Free market system may have variety of competitive market systems depending on the product life cycle and competitive situation in a product market (industry). Perfect competition, oligopoly, duopoly, and monopoly are some of the types.
In a perfectly competitiive market, there are numerous buyers and sellers and none of them will have sizeable market share. Entry and exit of buyers and sellers is free. In a perfectly competitive market, prices and quantities always move toward the equilibrium point.
Velasquez wrote, perfectly competitive free market achieves or satisfies three moral criteria: Justice, Utility and Rights.
Capitalist criterion of justice: Benefits and burdens are distributed justly when a person receives in return at least the value of the contribution he or she made to an enterprise. Fairness is getting paid fully, in return for what one contributes. It is this form of justice (capitalist criterion of justice) that is achieved in perfectly free competitive markets.

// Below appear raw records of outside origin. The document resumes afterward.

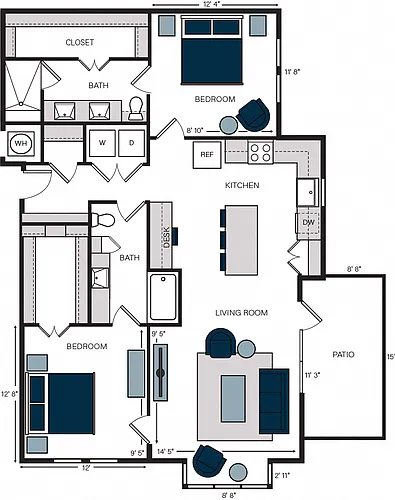 Floor plan B11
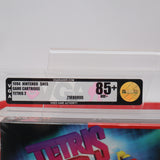 TETRIS 2 II - VGA GRADED 85+ NM+ GOLD! NEW & Factory Sealed with Authentic V-Seam! (SNES Super Nintendo)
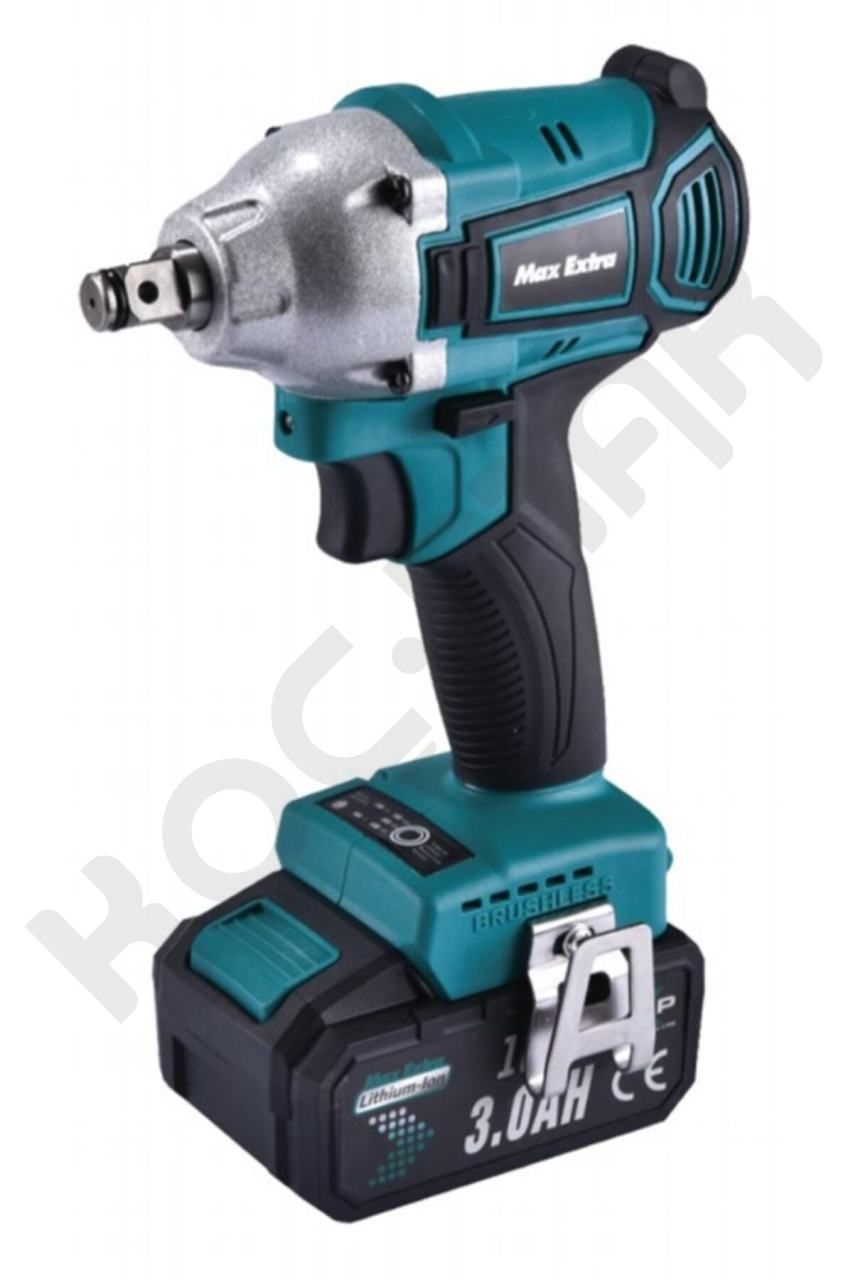 Max Extra Mxp6833 Akülü Somun Sökme 18v 3.0 Ah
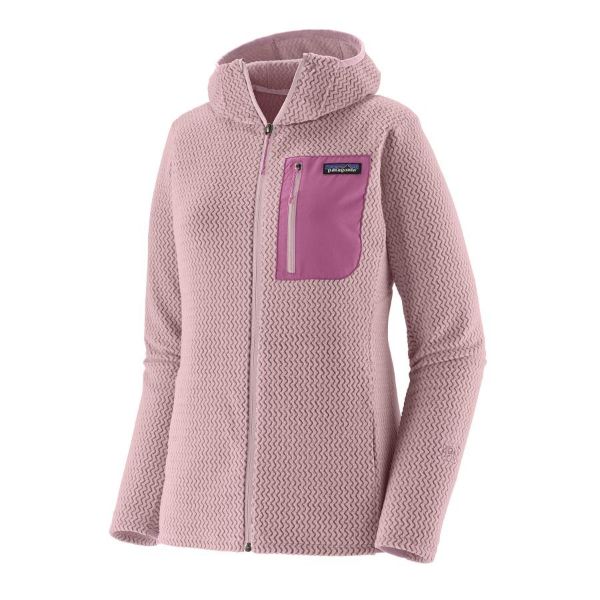 Patagonia R1 Air Full-Zip Hoody Womens Quiet Violet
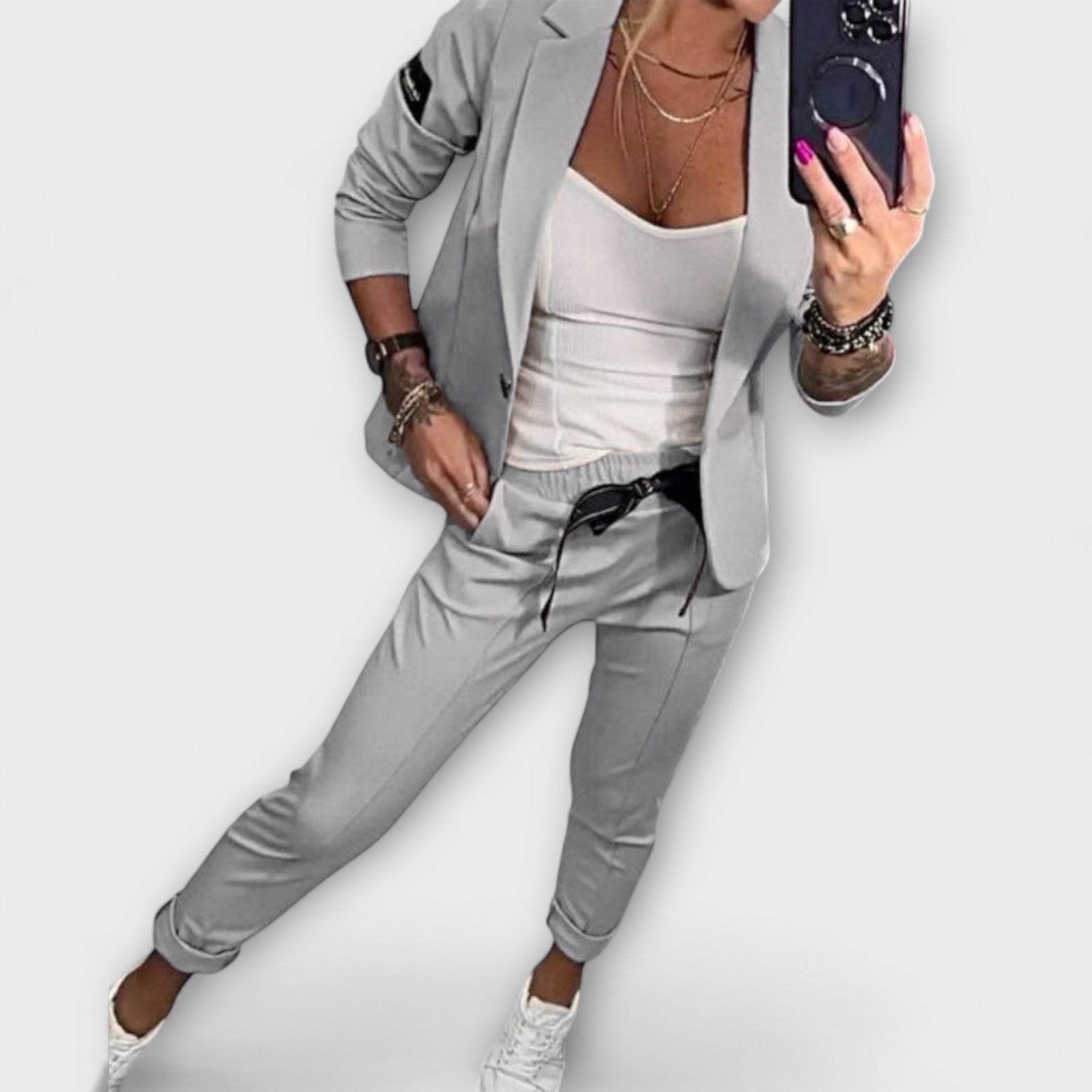 Women's Jacket – Breathable Fabric & Lightweight Feel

Unregulated monopoly markets can fall short of the three values - capitalist justice, economic efficiency, and respect for negative rights that perfect competitive markets achieve.
Oligopoly also can result in shortfall of the three values: capitalist justice, economic efficiency, and respect for negative rights that perfect competitive markets achieve. In oligopoly markets price-fixing, manipulation of supply, exclusive dealing arrangements, tying arrangements, retail price maintenance arrangements, price discrimination are identified as unethical practices.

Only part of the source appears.